§ Goal of the exercise
Leave out the pictures, and quote exactly the lines running from the one with "321 E Dilido Dr Miami Beach, FL 33139" through the last line of the entries below.

___ Data

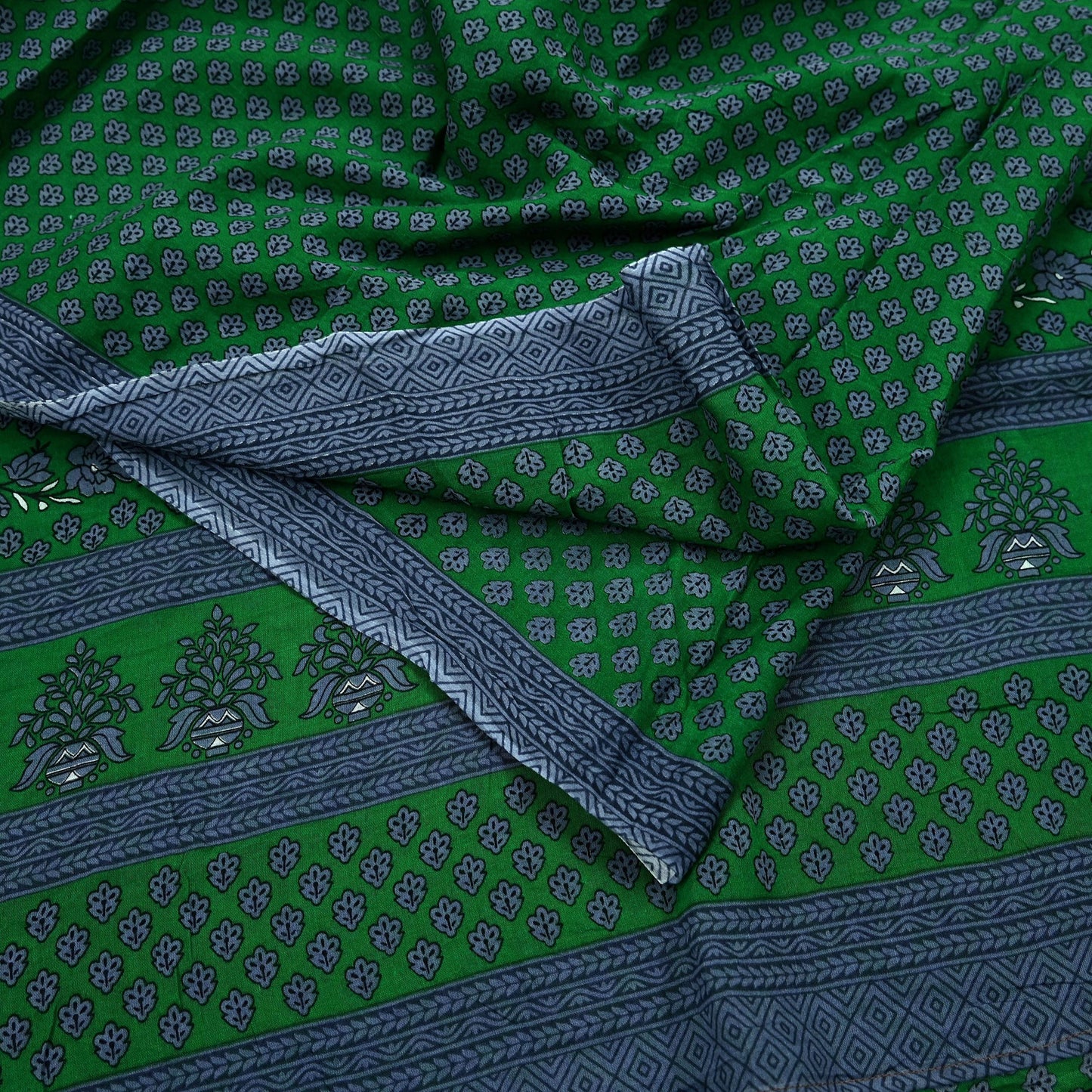 Indian Vintage Green & Gray Saree Printed Pure Cotton Sari Craft Fabric 5Yd Sewing Soft Sarong Wrap Boho Floral Quilting Crafting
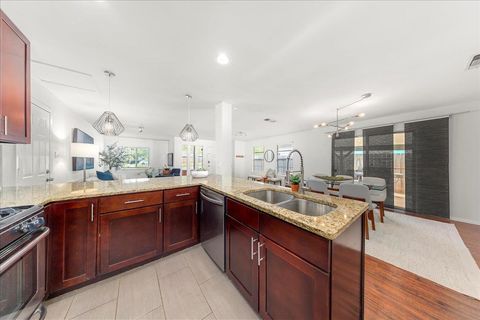 Tiny photo for 5108 Emerald Forest DR, Austin, TX 78745 (MLS # 1308020)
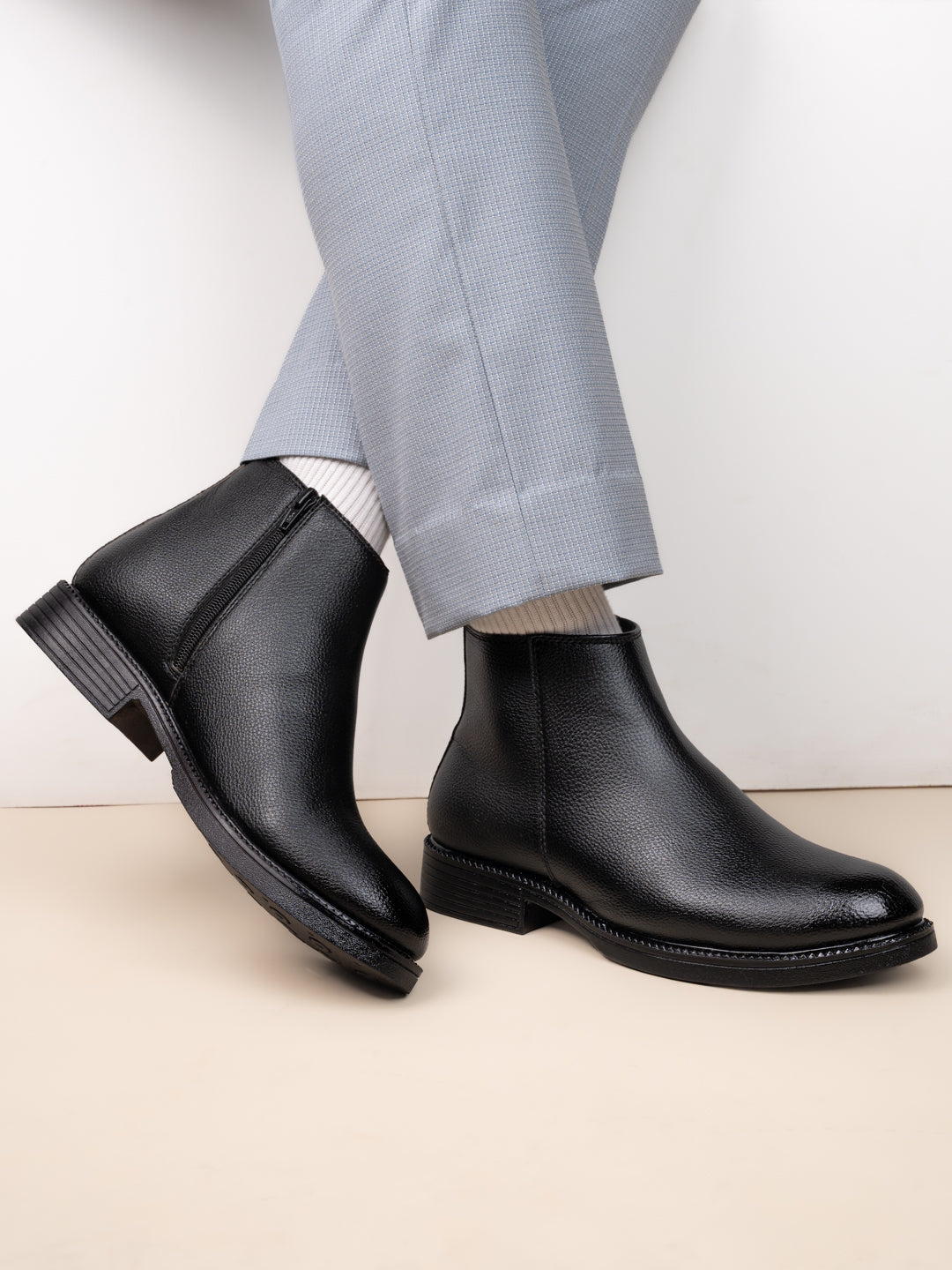 Fentacia Men Chelsea Boots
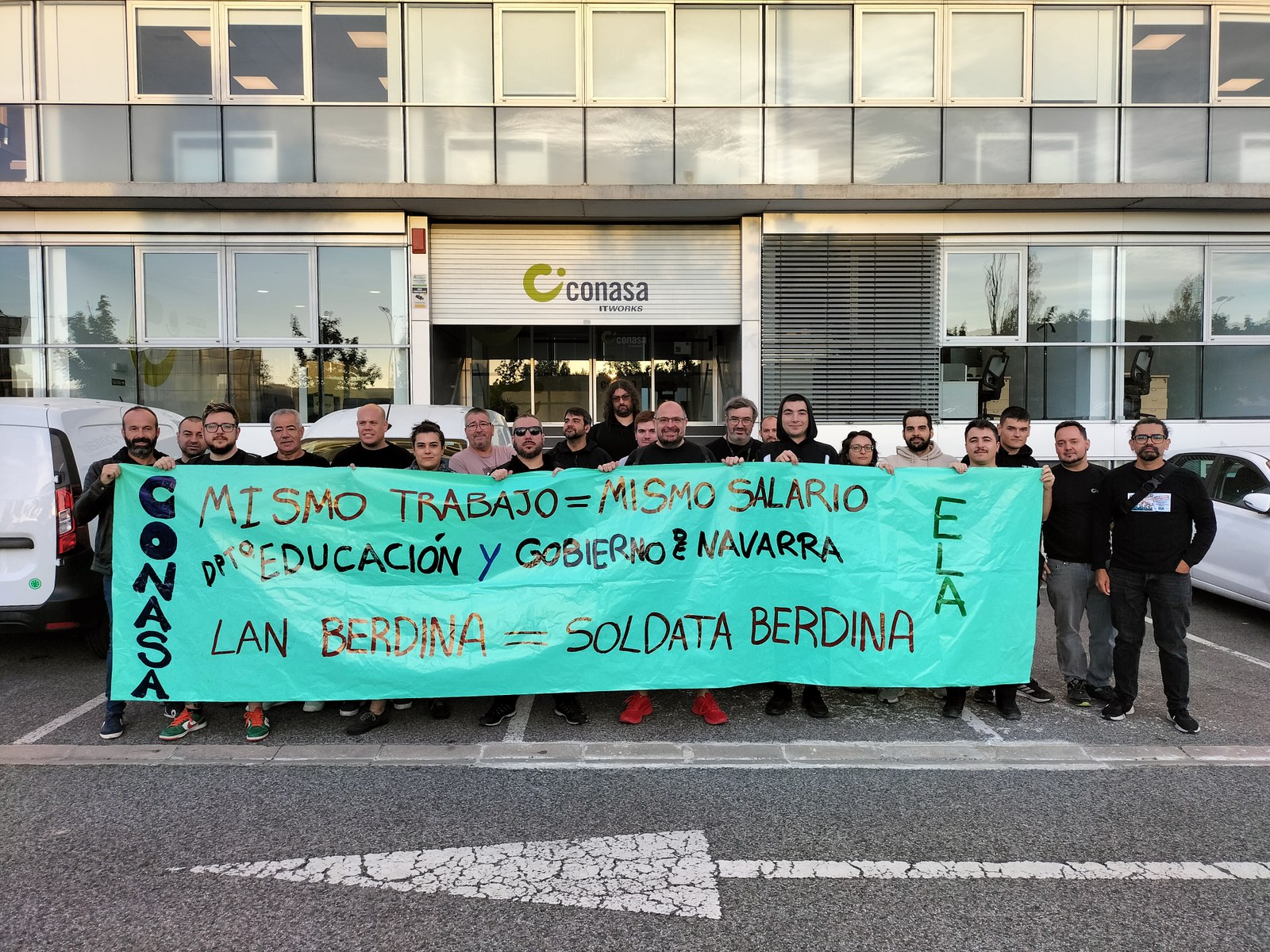 La sección de hardware inicia una huelga para equiparar sus condiciones a las que ya tiene parte de la plantilla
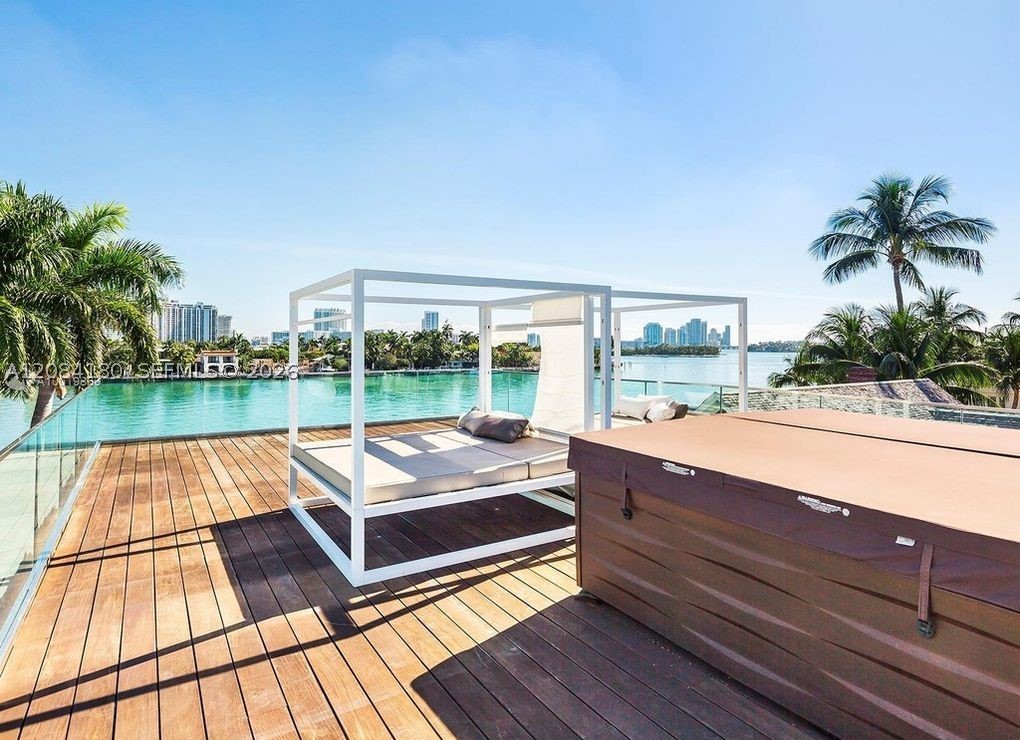 321 E Dilido Dr Miami Beach, FL 33139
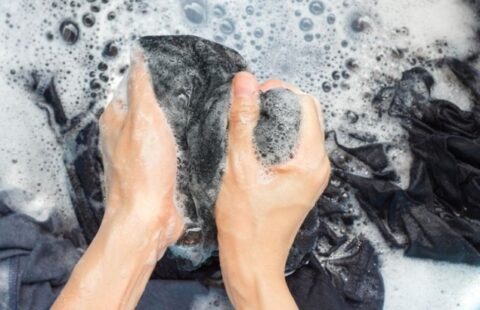 شوینده مناسب برای شستشوی لباس مشکی | اکتیو کلینرز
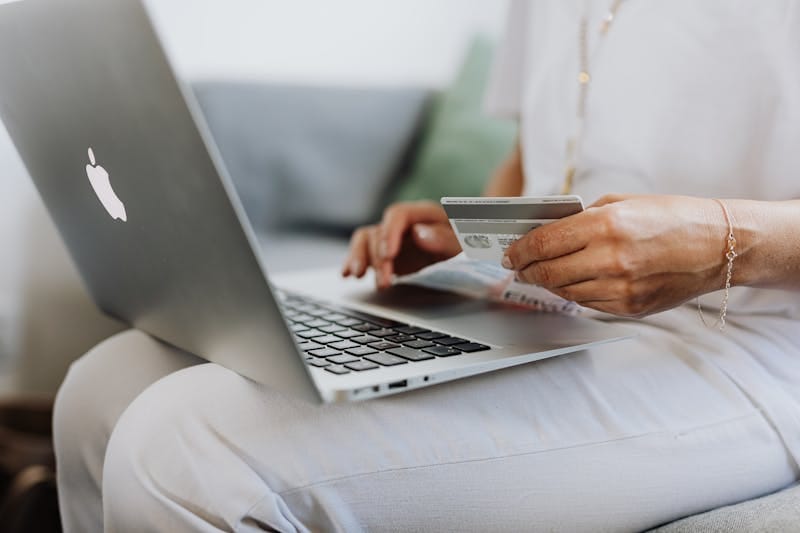 Pagamento ETA UK con carta di credito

______

§ Finished task
 321 E Dilido Dr Miami Beach, FL 33139
 شوینده مناسب برای شستشوی لباس مشکی | اکتیو کلینرز
 Pagamento ETA UK con carta di credito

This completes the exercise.